> [What is required] Only the text should be kept: print every entry below exactly and leave each image out.
START Study material
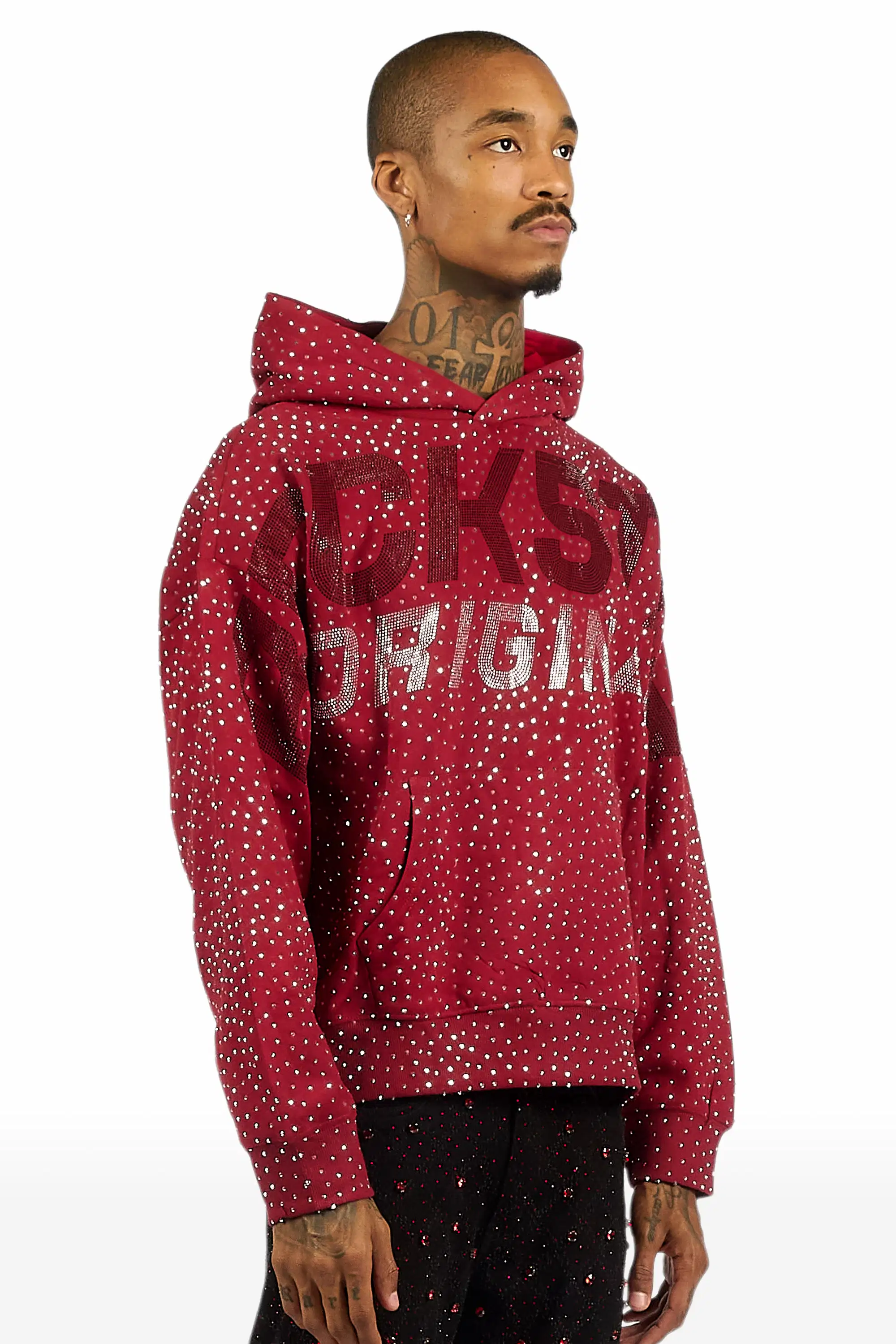 Iceout Red Rhinestone Oversized Hoodie - Image 4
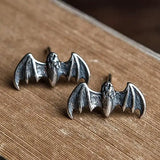 Small Bat 925 Sterling Silver Stud Earrings Unisex Halloween Spooky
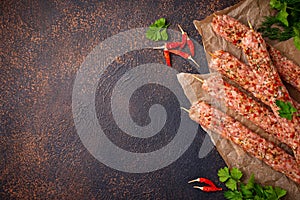 Minced meat skewers lula kebab
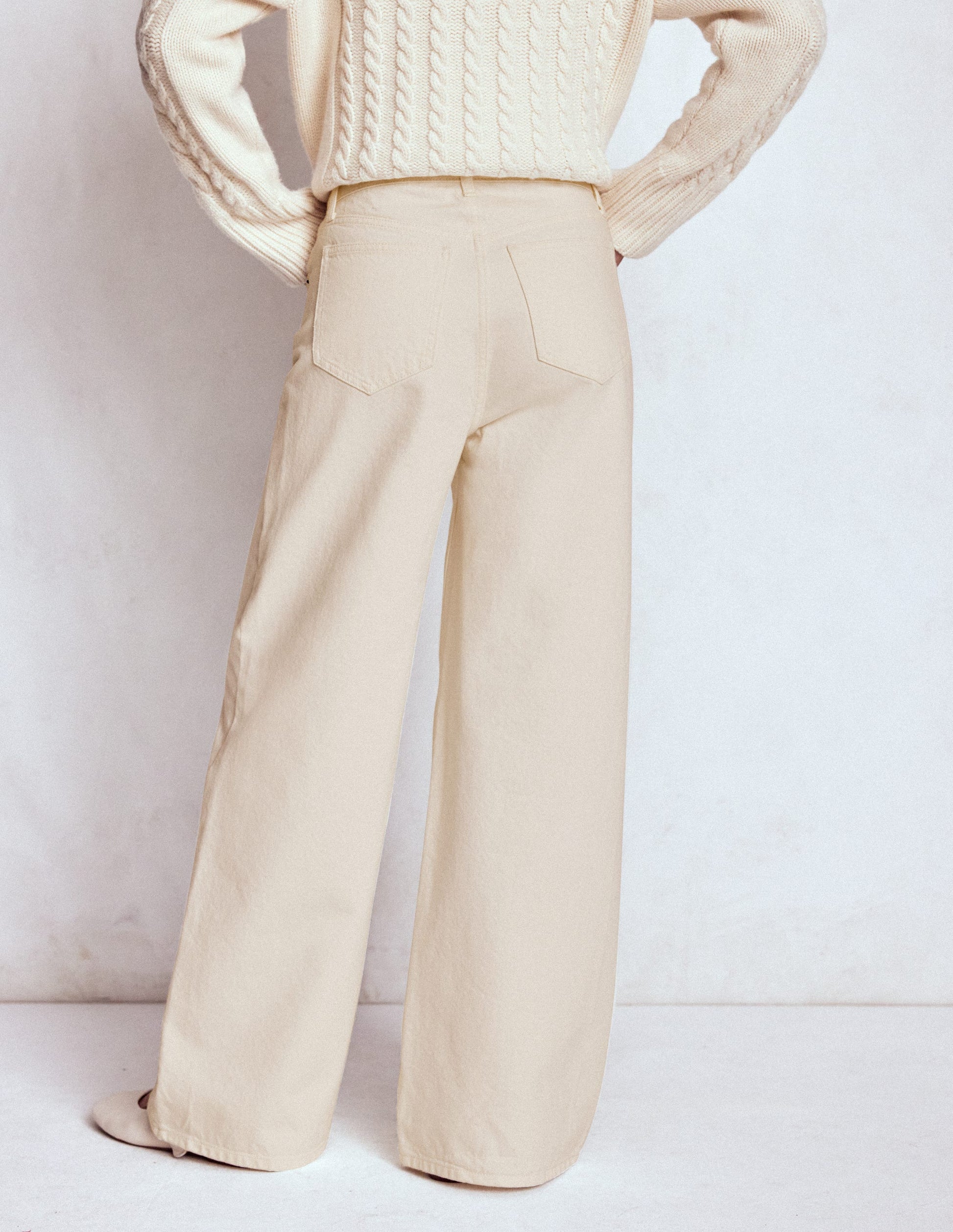High Waist Wide Leg  Jeans-Ecru-3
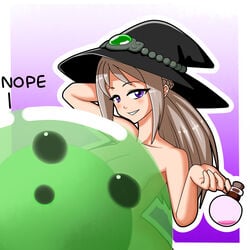 big_breasts gray_hair minecraft personification potion purple_hair slime slime_(minecraft) this_is_madness witch witch_(minecraft) witch_hat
END Study material
> [Exercise solution]
 Iceout Red Rhinestone Oversized Hoodie - Image 4
 Small Bat 925 Sterling Silver Stud Earrings Unisex Halloween Spooky
 Minced meat skewers lula kebab
High Waist Wide Leg  Jeans-Ecru-3
 big_breasts gray_hair minecraft personification potion purple_hair slime slime_(minecraft) this_is_madness witch witch_(minecraft) witch_hat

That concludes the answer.